Records for the task >>
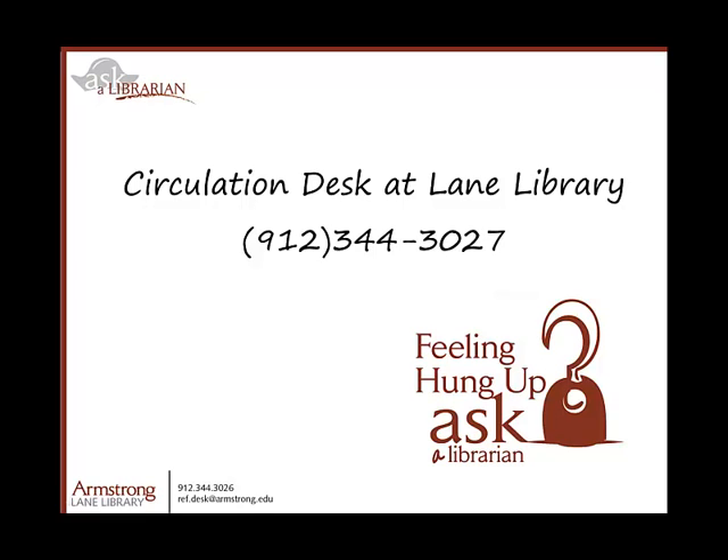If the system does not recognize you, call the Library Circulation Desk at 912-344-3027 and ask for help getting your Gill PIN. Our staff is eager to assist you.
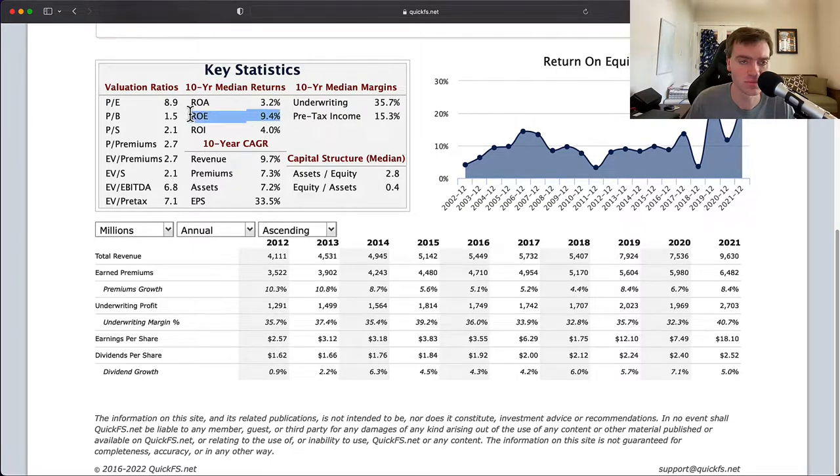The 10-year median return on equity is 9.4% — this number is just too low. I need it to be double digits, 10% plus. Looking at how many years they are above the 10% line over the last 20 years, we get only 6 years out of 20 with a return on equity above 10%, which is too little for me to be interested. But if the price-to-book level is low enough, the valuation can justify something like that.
* * *
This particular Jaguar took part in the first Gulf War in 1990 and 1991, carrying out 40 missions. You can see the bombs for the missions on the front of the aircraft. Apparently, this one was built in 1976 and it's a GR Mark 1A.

Problem description >>
Go down the entries above from the line containing "If the system" to the line containing "The 10-year median" and write out each line exactly, leaving pictures out.

Solved problem >>
If the system does not recognize you, call the Library Circulation Desk at 912-344-3027 and ask for help getting your Gill PIN. Our staff is eager to assist you.
The 10-year median return on equity is 9.4% — this number is just too low. I need it to be double digits, 10% plus. Looking at how many years they are above the 10% line over the last 20 years, we get only 6 years out of 20 with a return on equity above 10%, which is too little for me to be interested. But if the price-to-book level is low enough, the valuation can justify something like that.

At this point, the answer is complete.